生みの苦しみ

   小5 あえたし(aetasi)  2026年3月4日

まったく新しいすばらしいものをうみだす「創造」の秘密はどこにあるのか。人間は何もないところから生み出すのではなく、そのもとになるものがあるのだ。それまであったものをいろいろ組み合わせて、新しい組み合わせの中から美しいもの、心にうったえるもの、正しく自然を説明できるものを選びだし、世の中の人たちがその価値を認めたものが創造となるのだ。しかし、創造した本人は、最初の試みと最終の成果との間があまりに隔たっているので、どうやって創造されたかを思い出せず、突然ひらめいたかのように創造が起こったと考えてしまうことがある。とにかく試してみて繰り返していくことが創造にたどりつくかどうかの境目となる。ぼくがこの話を読んで印象に残ったことは、創造とは今まであったこと新たに組み合わせたり変化させることにより生まれるものだということだ。

ぼくは探求学習のクラスで、建築模型を作ったことがある。ある日、先生は「今日はみんな建築模型を作るぞ。自分で夢の家の設計図を書いて、模型にしてみよう」とぼくたちに色々な特別な家を見せてくれた。ピラミッドのような家、ななめな家などだ。ぼくは最初、家に挑戦した。しかし、どうやって設計しても、やはり普通の家のようになってしまった。ぼくは、家をあきらめ、大好きで、よく行く博物館を設計することにした。
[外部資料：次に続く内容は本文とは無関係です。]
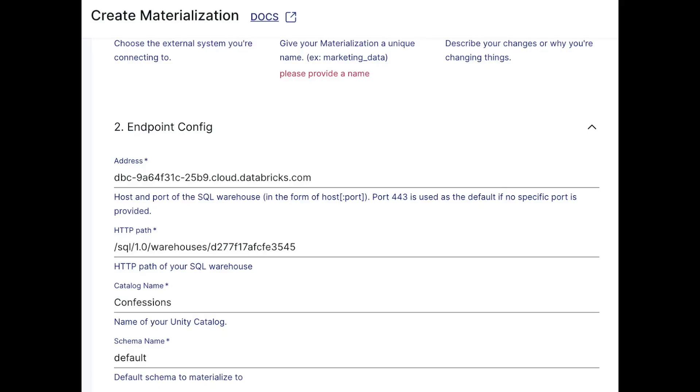I went ahead and set up a Delta table in Databricks with the same simple table in Postgres — just an ID and a name, since I'm just testing. Here's the 'Create Materialization' UI in Estuary. It's pretty basic: you just enter the endpoint, catalog name, and so on. Pretty simple setup. You can see that my materialization was created without much trouble at all.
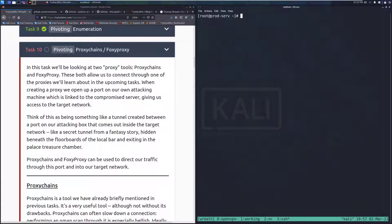Hey everyone, welcome back to another video on the Wreath Network on TryHackMe. Today we're going to be taking a look at Task 10, Pivoting with Proxy Chains and Foxy Proxy.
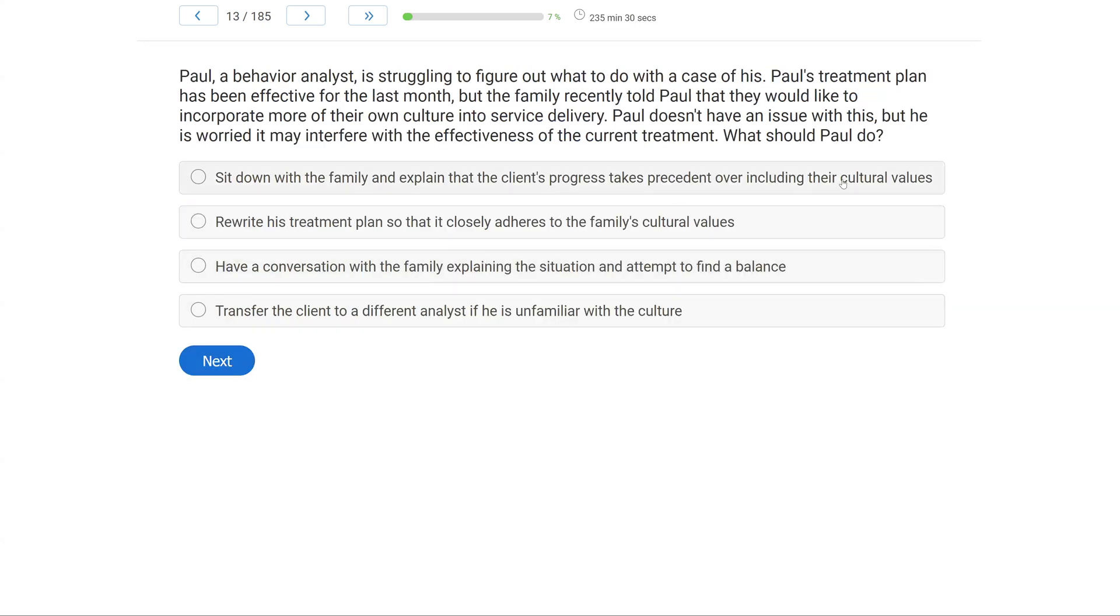Paul, a behavior analyst, is struggling to figure out what to do with a case of his. Paul's treatment plan has been effective for the last month, but the family recently told Paul that they would like to incorporate more of their own culture into service delivery. Paul doesn't have an issue with this, but he is worried it may interfere with the effectiveness of the current treatment. What should Paul do?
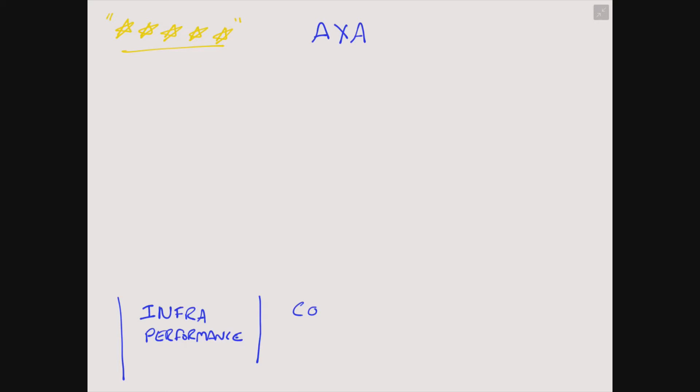Another area where the application might have a problem would be in the actual coding of the application. If there's issues with the coding of the application, you may have bugs in your application. And the third area may be in the actual design of the application. If an application is not instantly intuitive, then users are going to be unhappy and provide poor reviews of the application. So your application can fail in one of these three areas.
建築の一番目立つところを設計している時、マグネットブロックで多面体を作ったことを思い出した。まずぼくは、設計図をかいてみた。多面体は目立つ入口に置くことにした。そして実際にスチレンボードで模型を作ってみた。想像していたのとは違って、多面体がドアをふさいでしまった。そこで予定変更、ぼくは二階に昆虫室を作った。森のような部屋に昆虫が自由に飛び、自然を体験することができるのだ。そして天井に多面体を置いて、そこから光がさしこむのだ。しかし、多面体の素材が問題になった。まずぼくはプラスチック板で作ってみた。しかしプラスチック板は厚くて硬く、全く切れなかった。しかもプラスチック板の切り口は刃物のようで危険だった。次にぼくはラップを重ねて「ラップ板」を作った。しかしラップはやわらかすぎて、形がくずれてしまった。ラップはしわしわで光に波のような影ができてしまった。ある時、ぼくはお母さんがラミネートで書類を補強しているのを見た。透明で形を保つほどの硬さはあるが、曲げられるほど軟らかい。完璧な素材だ。最初は難しく完成するか心配したけれど、最後には最高の夢の博物館が誕生した。ぼくはこの博物館をピカリン博物館と名付けた。中に入った人がピカリンと興味の種が輝くようにと願って。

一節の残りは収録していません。